Comment on récrit l’histoire : Louis XIV de Lavisse à Gaxotte
Jean-François Fitou
Jean-François Fitou, "Comment on récrit l’histoire : Louis XIV de Lavisse à Gaxotte", dans Annales, année 1989, volume 44, numéro 2, p. 479 - 497.
Extrait de l’article
L’histoire bégaie souvent, on le sait. Cette constatation désabusée gagnerait cependant à être rapportée en priorité à la manière dont on l’écrit. L’historiographie, genre littéraire, se caractérise jusqu’à nos jours par la fixité de la règle qui la commande : la répétition, le recours aux autorités, la technique du centon et, d’une façon générale, la fidélité à l’égard de la norme en vigueur. L’histoire est la chimie la plus inoffensive qu’ait élaborée l’esprit humain, puisqu’elle se complaît au conservatisme épistémologique.

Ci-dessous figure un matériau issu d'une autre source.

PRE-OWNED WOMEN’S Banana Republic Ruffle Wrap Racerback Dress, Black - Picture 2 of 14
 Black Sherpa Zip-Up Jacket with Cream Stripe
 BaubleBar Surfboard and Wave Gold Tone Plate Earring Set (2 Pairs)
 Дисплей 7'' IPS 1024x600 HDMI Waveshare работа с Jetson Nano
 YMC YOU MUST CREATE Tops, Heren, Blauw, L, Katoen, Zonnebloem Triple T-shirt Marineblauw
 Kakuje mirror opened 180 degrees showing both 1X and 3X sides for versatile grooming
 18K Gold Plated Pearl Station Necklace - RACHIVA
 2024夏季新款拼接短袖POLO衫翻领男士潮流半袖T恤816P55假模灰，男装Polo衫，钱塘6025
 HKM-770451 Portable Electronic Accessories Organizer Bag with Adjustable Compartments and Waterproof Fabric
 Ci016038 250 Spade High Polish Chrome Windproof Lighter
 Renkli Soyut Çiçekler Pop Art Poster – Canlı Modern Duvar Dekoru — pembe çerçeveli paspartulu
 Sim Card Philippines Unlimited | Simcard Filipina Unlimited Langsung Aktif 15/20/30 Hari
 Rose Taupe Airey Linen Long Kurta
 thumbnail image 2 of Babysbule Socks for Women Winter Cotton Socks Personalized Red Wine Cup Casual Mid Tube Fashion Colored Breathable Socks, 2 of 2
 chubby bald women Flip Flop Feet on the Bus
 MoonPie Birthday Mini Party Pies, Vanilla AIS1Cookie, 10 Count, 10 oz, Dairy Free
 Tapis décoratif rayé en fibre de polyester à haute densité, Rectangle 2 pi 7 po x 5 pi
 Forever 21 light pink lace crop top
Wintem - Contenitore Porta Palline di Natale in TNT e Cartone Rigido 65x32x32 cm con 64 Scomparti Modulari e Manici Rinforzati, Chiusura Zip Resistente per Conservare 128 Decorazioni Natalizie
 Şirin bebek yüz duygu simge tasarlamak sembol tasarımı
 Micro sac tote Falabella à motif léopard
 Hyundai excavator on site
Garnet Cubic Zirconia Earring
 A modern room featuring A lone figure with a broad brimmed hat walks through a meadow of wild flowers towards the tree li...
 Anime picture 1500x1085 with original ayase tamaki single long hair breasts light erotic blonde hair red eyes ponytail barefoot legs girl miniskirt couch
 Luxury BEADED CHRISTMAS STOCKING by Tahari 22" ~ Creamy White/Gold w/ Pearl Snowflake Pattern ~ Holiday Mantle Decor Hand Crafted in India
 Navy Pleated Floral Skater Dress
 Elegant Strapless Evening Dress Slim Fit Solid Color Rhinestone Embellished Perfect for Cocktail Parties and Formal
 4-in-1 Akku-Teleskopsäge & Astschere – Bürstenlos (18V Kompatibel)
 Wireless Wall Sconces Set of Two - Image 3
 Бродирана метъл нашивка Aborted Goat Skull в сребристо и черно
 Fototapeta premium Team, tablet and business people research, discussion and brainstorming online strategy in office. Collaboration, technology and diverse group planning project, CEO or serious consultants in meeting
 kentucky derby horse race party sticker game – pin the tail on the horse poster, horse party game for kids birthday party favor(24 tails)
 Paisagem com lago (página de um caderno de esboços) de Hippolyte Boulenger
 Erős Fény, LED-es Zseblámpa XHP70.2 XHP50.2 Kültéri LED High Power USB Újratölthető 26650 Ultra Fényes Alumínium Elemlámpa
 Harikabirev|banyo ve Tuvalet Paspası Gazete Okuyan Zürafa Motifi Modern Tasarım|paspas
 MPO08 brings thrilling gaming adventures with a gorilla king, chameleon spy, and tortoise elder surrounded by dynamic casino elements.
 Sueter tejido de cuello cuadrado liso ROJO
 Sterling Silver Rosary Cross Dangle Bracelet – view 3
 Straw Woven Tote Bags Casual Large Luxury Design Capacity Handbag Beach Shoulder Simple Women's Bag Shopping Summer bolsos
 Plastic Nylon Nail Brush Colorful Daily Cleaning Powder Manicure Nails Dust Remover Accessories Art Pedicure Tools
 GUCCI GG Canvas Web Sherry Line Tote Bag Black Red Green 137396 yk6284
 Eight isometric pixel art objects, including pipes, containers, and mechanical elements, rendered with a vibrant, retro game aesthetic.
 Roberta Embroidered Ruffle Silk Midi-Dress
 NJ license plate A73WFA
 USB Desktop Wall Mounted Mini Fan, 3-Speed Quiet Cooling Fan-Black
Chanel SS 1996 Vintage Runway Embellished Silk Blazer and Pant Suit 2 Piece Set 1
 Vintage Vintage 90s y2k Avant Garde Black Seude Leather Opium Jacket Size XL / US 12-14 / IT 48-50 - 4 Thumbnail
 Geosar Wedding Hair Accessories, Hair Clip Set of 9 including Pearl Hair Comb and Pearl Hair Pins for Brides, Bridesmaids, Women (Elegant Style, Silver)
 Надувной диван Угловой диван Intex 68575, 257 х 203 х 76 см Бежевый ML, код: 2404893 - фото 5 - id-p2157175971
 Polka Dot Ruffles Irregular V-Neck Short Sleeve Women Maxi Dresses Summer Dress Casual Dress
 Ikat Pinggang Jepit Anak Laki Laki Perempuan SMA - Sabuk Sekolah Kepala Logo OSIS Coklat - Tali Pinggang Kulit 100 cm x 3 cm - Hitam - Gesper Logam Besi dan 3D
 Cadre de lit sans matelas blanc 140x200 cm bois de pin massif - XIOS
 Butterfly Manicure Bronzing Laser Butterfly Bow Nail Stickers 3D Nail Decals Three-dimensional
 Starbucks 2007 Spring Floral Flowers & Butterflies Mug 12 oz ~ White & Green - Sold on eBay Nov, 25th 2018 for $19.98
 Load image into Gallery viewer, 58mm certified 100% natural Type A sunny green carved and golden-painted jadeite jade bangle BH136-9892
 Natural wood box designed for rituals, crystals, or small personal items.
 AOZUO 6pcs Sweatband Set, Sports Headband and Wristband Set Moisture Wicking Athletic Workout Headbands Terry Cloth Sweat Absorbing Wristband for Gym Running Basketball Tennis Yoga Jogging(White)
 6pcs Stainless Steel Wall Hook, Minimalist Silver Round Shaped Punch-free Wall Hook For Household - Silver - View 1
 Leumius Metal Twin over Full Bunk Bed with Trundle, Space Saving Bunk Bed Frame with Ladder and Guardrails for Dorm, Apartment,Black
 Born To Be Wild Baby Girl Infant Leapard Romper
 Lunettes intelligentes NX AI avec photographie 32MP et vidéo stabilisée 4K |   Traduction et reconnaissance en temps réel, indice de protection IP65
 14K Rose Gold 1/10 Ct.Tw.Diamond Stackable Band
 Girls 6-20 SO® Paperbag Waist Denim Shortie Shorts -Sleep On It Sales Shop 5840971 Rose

Aussi, n’est-il guère surprenant que le lecteur naïf se prenne parfois à retrouver, sous le crépi pimpant d’un ouvrage, bien des moellons extraits d’un volume plus ancien ou un nombre non négligeable de pièces rapportées de bric et de broc. Autrement dit, il n’est pas rare que les historiens pillent de bonne foi et en toute tranquillité d’âme les ouvrages d’autrui pour construire leurs propres chefs-d’œuvres. Comme les bâtisseurs de cathédrales, une fois dressé le plan de leur monument, ils empruntent de confiance aux architectes antiques les matériaux disponibles. Dans les « chantiers » les plus novateurs, se trouvent ainsi incorporées de vieilles pierres à la fidélité desquelles le constructeur se fie pour caler son édifice. L’histoire est un discours répétitif, pour peu qu’à la diversité de surface des points de vue on accepte de substituer la relative homogénéité de la matière factuelle qui les supporte.